- **Dataset**:
=== Begin Enclosure ===

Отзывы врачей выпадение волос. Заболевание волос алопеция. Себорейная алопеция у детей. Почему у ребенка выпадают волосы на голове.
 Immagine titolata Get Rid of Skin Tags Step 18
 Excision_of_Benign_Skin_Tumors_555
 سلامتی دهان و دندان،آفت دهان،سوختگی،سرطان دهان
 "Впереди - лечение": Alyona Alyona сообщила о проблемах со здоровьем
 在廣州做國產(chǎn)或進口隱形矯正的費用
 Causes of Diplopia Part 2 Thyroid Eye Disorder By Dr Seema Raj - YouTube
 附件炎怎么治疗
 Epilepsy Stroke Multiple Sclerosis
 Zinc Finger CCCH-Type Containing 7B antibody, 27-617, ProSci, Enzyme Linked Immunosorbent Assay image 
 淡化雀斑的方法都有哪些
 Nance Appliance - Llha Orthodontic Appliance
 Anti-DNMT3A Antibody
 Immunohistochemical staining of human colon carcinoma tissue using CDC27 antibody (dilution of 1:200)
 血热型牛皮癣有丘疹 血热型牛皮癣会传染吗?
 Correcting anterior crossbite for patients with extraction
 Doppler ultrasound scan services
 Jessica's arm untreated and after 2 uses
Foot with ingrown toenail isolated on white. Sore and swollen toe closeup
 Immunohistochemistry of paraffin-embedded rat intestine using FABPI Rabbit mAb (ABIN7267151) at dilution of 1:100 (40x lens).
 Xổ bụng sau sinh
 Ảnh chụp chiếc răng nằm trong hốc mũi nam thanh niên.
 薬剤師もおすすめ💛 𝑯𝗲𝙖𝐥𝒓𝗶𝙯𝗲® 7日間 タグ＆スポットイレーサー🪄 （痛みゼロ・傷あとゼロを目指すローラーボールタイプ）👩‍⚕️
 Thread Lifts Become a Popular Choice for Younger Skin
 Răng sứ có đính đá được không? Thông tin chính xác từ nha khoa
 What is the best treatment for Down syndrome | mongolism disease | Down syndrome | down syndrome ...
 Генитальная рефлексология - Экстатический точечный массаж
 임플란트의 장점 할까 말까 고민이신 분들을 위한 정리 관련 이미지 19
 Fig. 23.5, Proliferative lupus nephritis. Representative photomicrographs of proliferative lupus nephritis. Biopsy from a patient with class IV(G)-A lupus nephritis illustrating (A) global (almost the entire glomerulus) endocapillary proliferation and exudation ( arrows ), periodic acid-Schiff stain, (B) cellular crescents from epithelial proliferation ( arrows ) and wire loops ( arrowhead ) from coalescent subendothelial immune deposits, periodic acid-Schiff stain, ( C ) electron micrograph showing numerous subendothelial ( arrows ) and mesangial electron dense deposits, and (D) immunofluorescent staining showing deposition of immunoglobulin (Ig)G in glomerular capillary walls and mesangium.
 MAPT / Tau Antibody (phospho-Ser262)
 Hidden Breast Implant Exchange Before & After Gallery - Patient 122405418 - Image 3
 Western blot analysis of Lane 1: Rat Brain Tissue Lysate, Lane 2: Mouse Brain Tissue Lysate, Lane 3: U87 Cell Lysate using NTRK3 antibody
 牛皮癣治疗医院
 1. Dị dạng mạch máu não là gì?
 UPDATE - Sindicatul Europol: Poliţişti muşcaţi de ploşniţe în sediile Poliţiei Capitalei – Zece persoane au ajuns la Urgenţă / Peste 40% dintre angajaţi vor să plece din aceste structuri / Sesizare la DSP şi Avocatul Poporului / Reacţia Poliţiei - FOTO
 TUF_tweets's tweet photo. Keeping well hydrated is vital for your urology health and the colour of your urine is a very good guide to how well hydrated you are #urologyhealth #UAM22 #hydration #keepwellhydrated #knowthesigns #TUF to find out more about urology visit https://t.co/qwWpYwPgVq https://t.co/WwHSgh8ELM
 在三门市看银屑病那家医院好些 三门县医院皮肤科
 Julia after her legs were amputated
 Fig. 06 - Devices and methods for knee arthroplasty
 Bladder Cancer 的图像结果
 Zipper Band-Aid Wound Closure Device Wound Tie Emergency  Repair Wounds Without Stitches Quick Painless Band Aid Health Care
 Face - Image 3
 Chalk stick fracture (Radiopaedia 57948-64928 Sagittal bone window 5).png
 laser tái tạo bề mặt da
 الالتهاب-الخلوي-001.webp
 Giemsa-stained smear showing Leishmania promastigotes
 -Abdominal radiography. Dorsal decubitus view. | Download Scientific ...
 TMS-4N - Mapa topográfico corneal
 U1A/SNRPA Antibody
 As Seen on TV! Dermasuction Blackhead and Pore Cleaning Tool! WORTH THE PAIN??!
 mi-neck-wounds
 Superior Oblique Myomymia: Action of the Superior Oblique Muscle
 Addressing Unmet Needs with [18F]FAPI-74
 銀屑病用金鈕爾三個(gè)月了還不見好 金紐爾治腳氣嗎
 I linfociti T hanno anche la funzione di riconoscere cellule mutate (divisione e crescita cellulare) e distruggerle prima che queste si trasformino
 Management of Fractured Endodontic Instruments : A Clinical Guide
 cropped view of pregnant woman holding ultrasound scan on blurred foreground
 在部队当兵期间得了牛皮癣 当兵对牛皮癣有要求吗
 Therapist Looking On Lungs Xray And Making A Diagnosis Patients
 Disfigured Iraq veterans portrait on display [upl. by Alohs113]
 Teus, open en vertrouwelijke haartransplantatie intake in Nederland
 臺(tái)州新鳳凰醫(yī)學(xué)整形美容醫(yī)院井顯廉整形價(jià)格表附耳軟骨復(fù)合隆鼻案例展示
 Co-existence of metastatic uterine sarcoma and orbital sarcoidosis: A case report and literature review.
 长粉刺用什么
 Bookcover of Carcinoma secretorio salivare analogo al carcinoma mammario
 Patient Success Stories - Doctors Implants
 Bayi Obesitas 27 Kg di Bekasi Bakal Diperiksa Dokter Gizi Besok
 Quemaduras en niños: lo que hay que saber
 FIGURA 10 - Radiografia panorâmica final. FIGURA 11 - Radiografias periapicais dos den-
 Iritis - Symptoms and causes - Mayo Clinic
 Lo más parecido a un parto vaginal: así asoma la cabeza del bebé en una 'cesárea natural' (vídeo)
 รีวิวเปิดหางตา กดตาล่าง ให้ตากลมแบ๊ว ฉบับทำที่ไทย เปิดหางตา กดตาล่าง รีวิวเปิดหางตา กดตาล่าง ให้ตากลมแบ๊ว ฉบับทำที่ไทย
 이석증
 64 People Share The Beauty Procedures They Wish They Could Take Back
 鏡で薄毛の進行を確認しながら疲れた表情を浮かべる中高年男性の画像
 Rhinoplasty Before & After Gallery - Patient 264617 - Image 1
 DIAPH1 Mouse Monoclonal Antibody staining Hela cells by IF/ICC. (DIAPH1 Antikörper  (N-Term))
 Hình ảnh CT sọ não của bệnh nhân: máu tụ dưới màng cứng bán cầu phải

=== End Enclosure ===

- **Your goal**: Exact duplication is required for the lines above, from the line that contains "Causes of Diplopia" to the line that contains "임플란트의 장점 할까 말까 고민이신 분들을 위한 정리 관련 이미지 19", inclusive; omit all others.

- **Reply**:
 Causes of Diplopia Part 2 Thyroid Eye Disorder By Dr Seema Raj - YouTube
 附件炎怎么治疗
 Epilepsy Stroke Multiple Sclerosis
 Zinc Finger CCCH-Type Containing 7B antibody, 27-617, ProSci, Enzyme Linked Immunosorbent Assay image 
 淡化雀斑的方法都有哪些
 Nance Appliance - Llha Orthodontic Appliance
 Anti-DNMT3A Antibody
 Immunohistochemical staining of human colon carcinoma tissue using CDC27 antibody (dilution of 1:200)
 血热型牛皮癣有丘疹 血热型牛皮癣会传染吗?
 Correcting anterior crossbite for patients with extraction
 Doppler ultrasound scan services
 Jessica's arm untreated and after 2 uses
Foot with ingrown toenail isolated on white. Sore and swollen toe closeup
 Immunohistochemistry of paraffin-embedded rat intestine using FABPI Rabbit mAb (ABIN7267151) at dilution of 1:100 (40x lens).
 Xổ bụng sau sinh
 Ảnh chụp chiếc răng nằm trong hốc mũi nam thanh niên.
 薬剤師もおすすめ💛 𝑯𝗲𝙖𝐥𝒓𝗶𝙯𝗲® 7日間 タグ＆スポットイレーサー🪄 （痛みゼロ・傷あとゼロを目指すローラーボールタイプ）👩‍⚕️
 Thread Lifts Become a Popular Choice for Younger Skin
 Răng sứ có đính đá được không? Thông tin chính xác từ nha khoa
 What is the best treatment for Down syndrome | mongolism disease | Down syndrome | down syndrome ...
 Генитальная рефлексология - Экстатический точечный массаж
 임플란트의 장점 할까 말까 고민이신 분들을 위한 정리 관련 이미지 19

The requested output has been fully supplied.